* **YOUR GOAL**:
Repeat all of the data word for word so that only the pictures are missing from the copy.

##### SUPPLIED MATERIAL

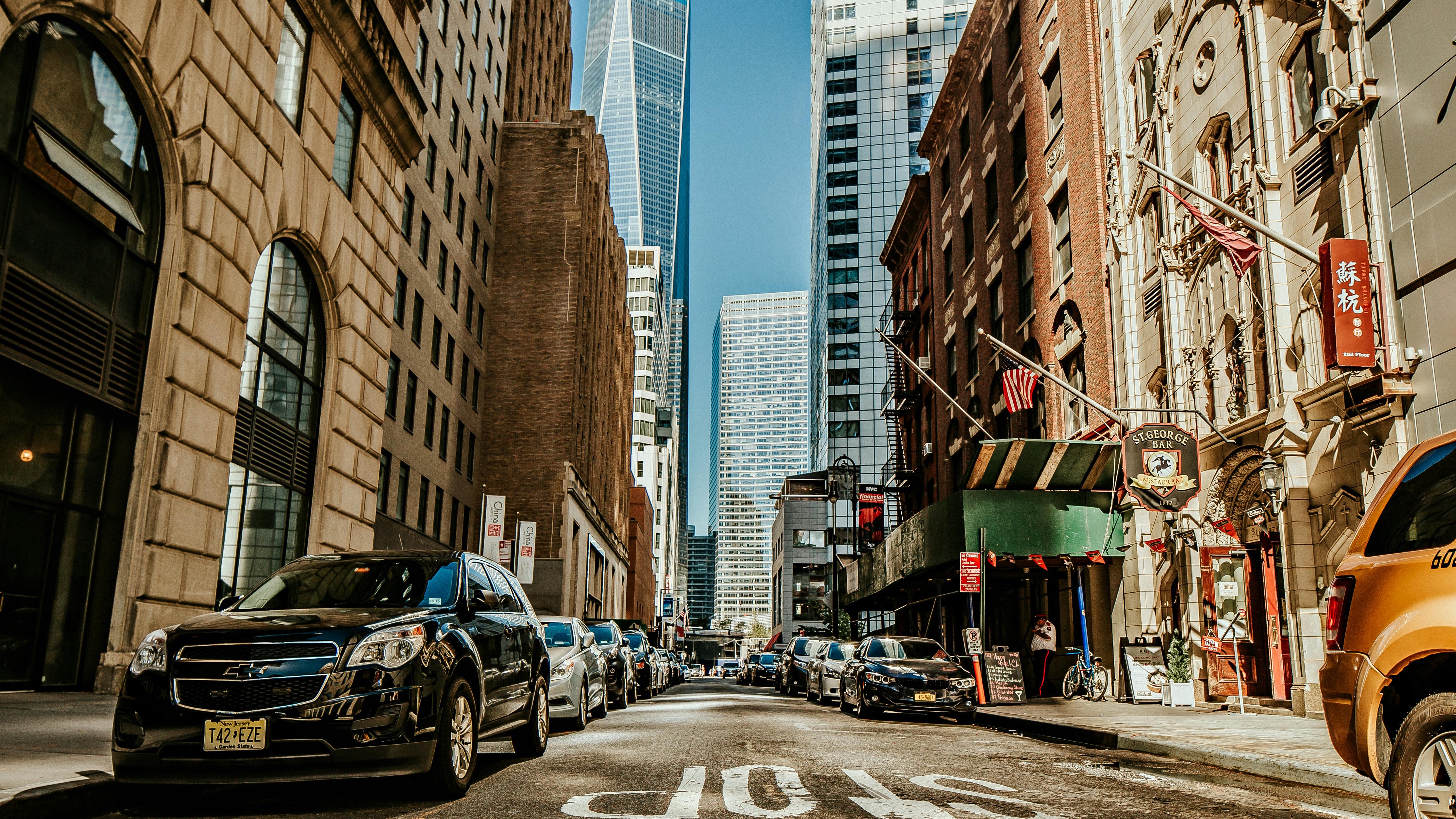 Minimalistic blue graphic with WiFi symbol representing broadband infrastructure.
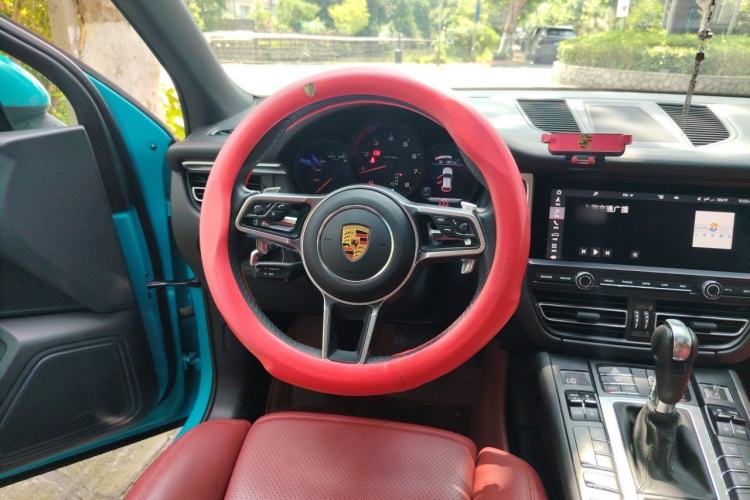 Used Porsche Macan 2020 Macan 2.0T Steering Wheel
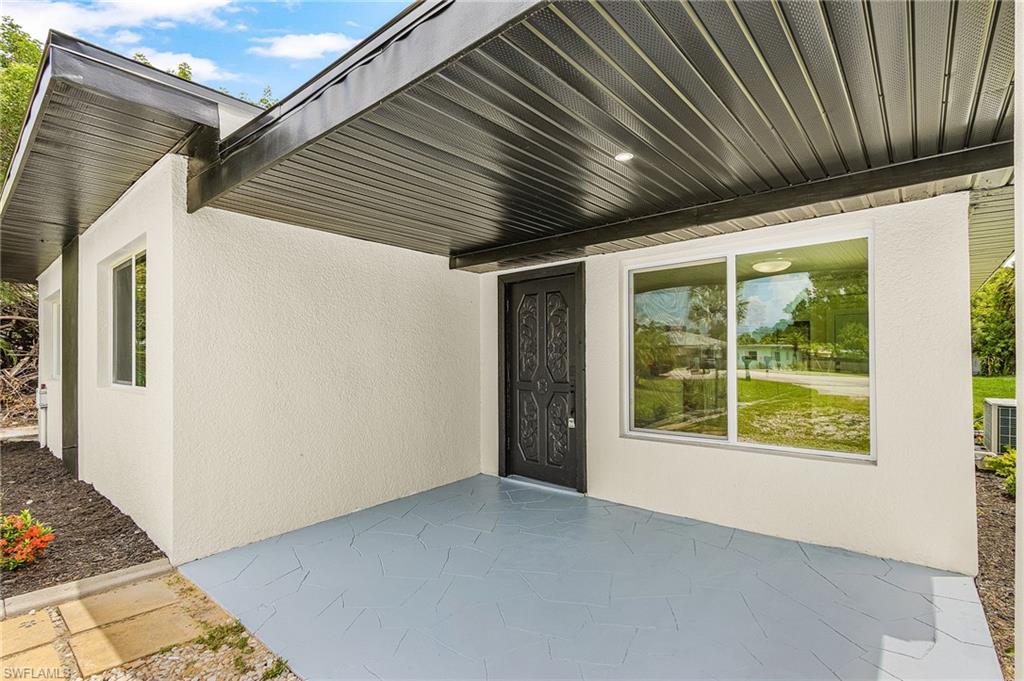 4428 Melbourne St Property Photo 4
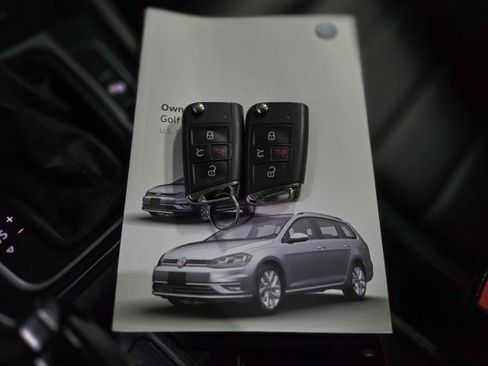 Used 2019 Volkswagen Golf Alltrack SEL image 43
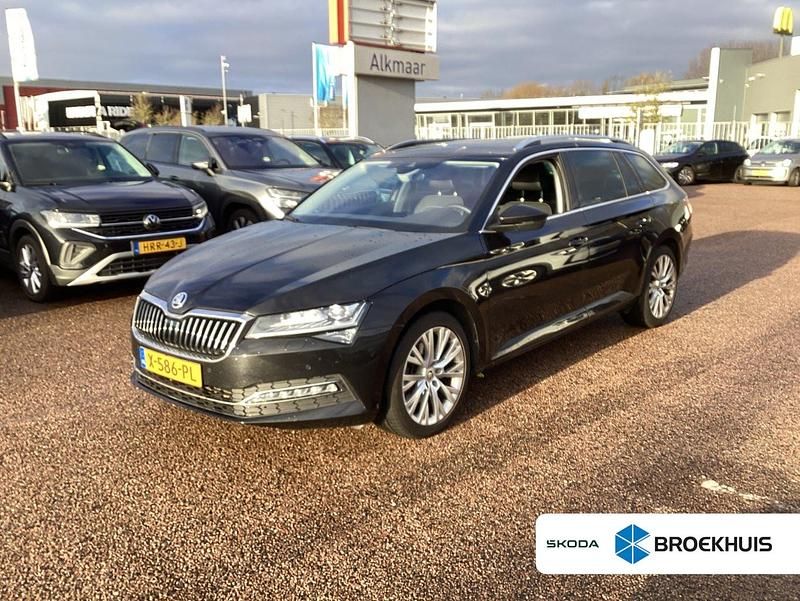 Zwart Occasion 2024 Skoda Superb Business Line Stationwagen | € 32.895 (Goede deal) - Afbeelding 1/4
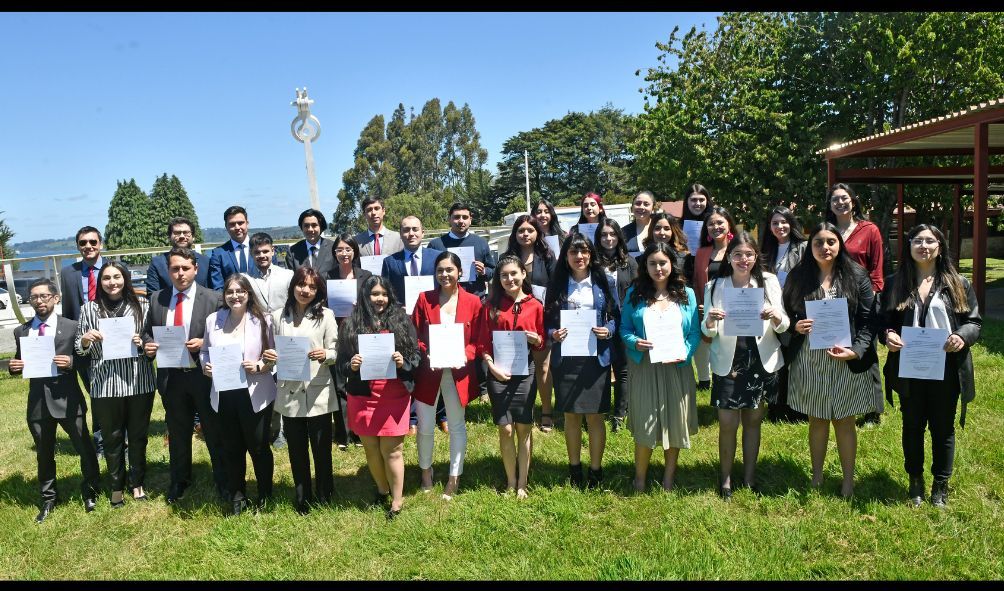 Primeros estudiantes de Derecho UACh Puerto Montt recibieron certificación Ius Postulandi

##########

* **SOLUTION TO THE PROBLEM**:
 Minimalistic blue graphic with WiFi symbol representing broadband infrastructure.
 Used Porsche Macan 2020 Macan 2.0T Steering Wheel
 4428 Melbourne St Property Photo 4
 Used 2019 Volkswagen Golf Alltrack SEL image 43
 Zwart Occasion 2024 Skoda Superb Business Line Stationwagen | € 32.895 (Goede deal) - Afbeelding 1/4
 Primeros estudiantes de Derecho UACh Puerto Montt recibieron certificación Ius Postulandi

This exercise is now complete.